Data extracted from a collection
++++

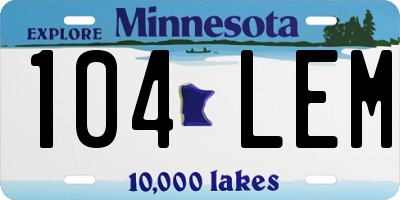 MN license plate 104LEM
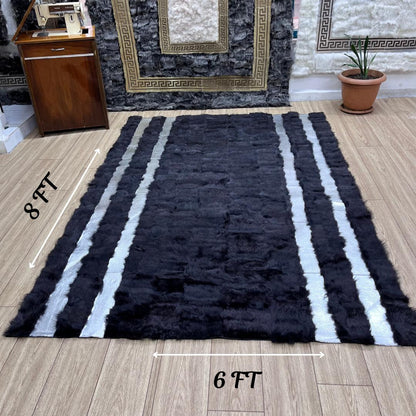 Natural Brown-Silver Sheepskin Rug, Handmade Sheepskin Area Rugs, Rugs For Living Room, Soft Wool Area Rugs, Home Decor&New Home Gifts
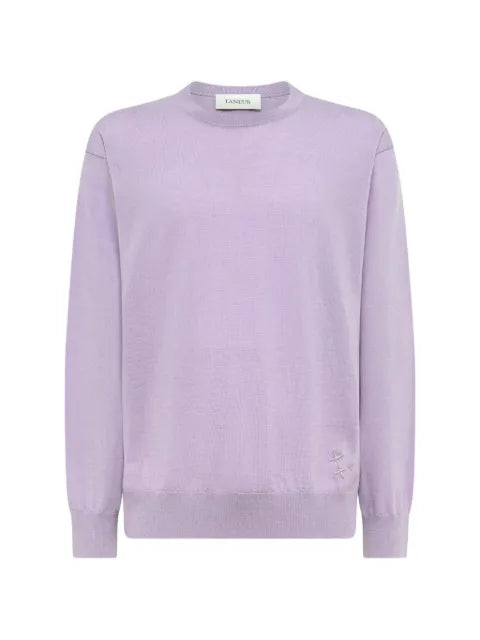Laneus embroidered-detail crew-neck sweater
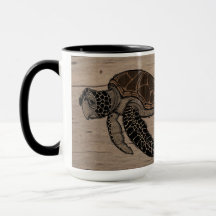 Tortuga marina e Hibiscus Mug 15 oz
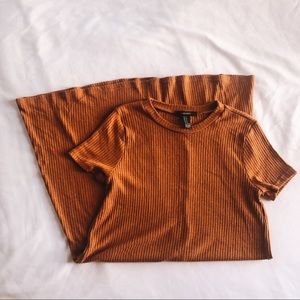 Crew Neck T-Shirt Sweater Dress Mustard Yellow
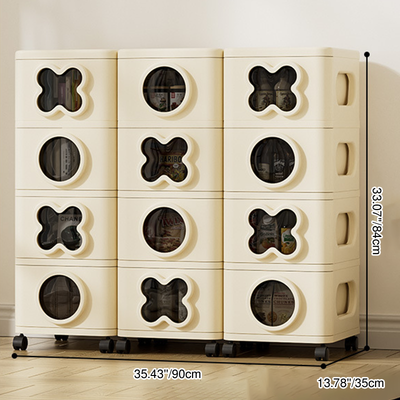 Modern Minimalist Multi-Layer Rectangular PP Movable Storage Cabinet 3/4/5-Cabinet For Living Room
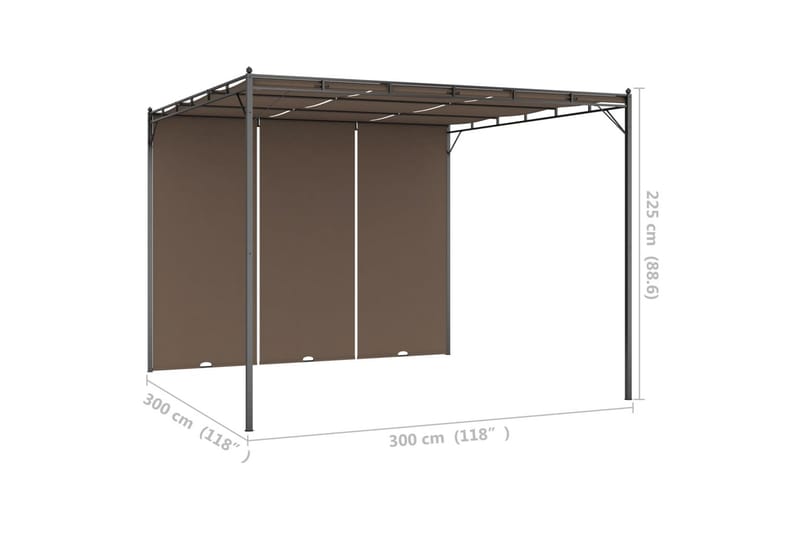 Puutarhan huvimaja sivuverholla 3x3x2,25 cm harmaanruskea - Taupe - Puutarhakalusteet - Aurinkosuoja - Paviljonki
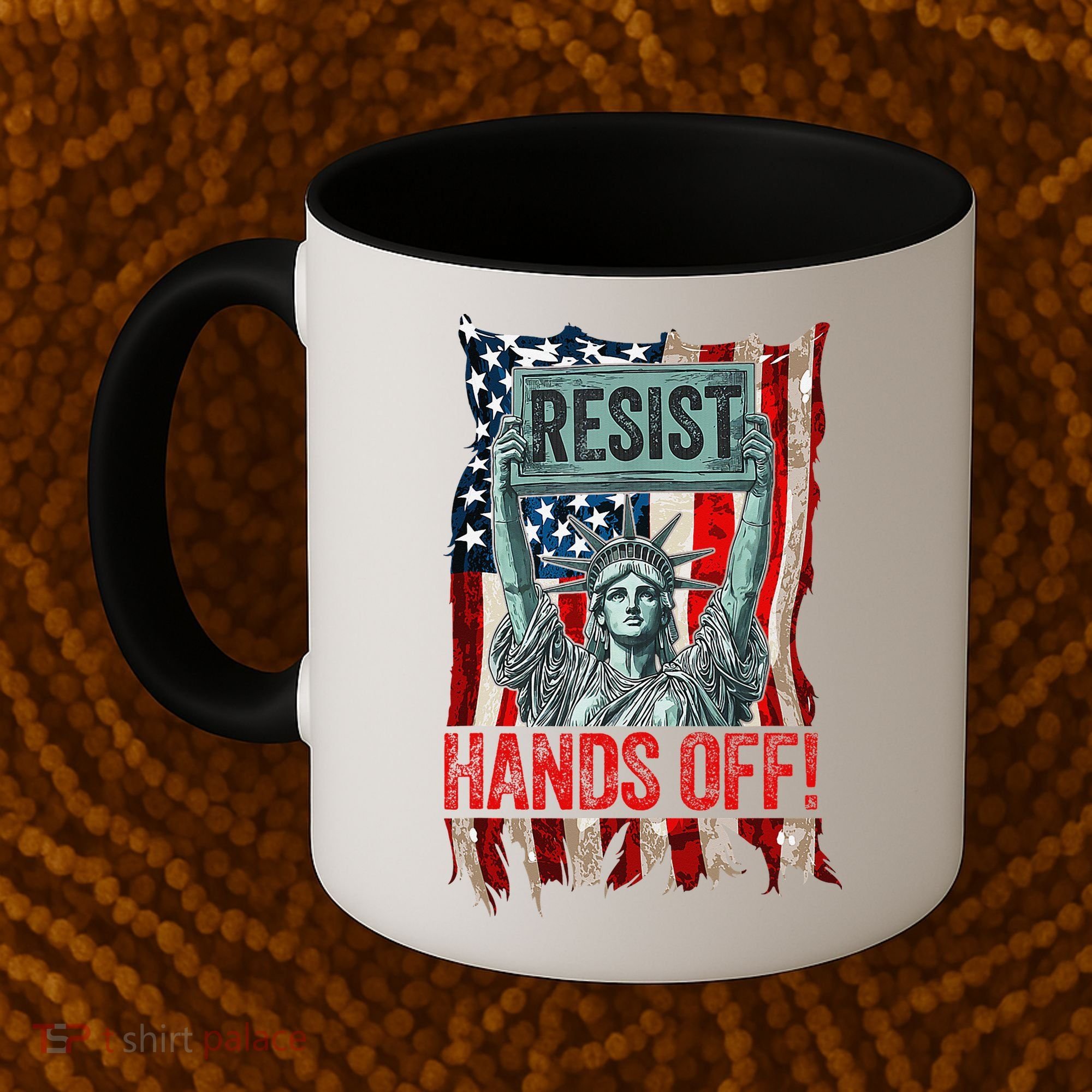 Resist Resistance Statue Of Liberty Hands Off Protest Retro Coffee Mug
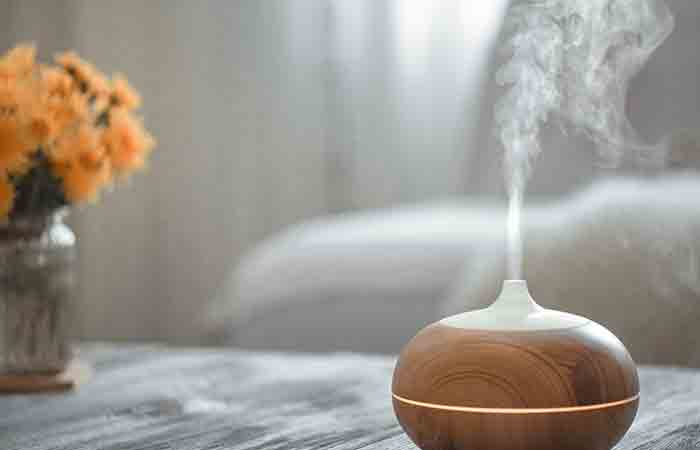A humidifier releasing vapours in the living room can help keep postnasal drip at bay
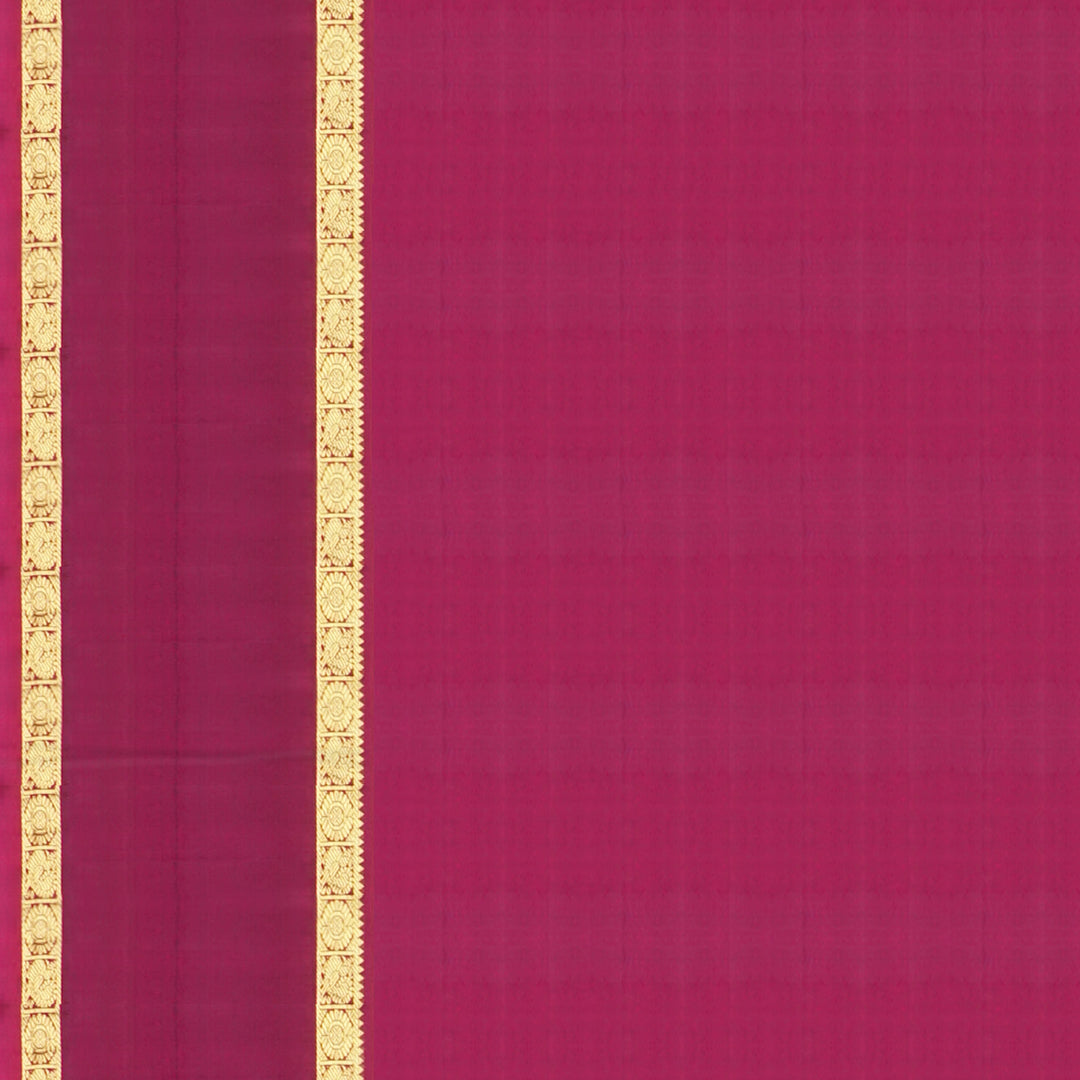 Handwoven Green with Magenta Kanjivaram Silk Saree - 1617T006321DSC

++++

■ **GOAL OF THE EXERCISE**
Put down exactly the lines of the data above that run from its first line through the line bearing "Crew Neck T-Shirt", and no pictures.

■ **SOLUTION TO THIS TASK**
 MN license plate 104LEM
 Natural Brown-Silver Sheepskin Rug, Handmade Sheepskin Area Rugs, Rugs For Living Room, Soft Wool Area Rugs, Home Decor&New Home Gifts
Laneus embroidered-detail crew-neck sweater
 Tortuga marina e Hibiscus Mug 15 oz
 Crew Neck T-Shirt Sweater Dress Mustard Yellow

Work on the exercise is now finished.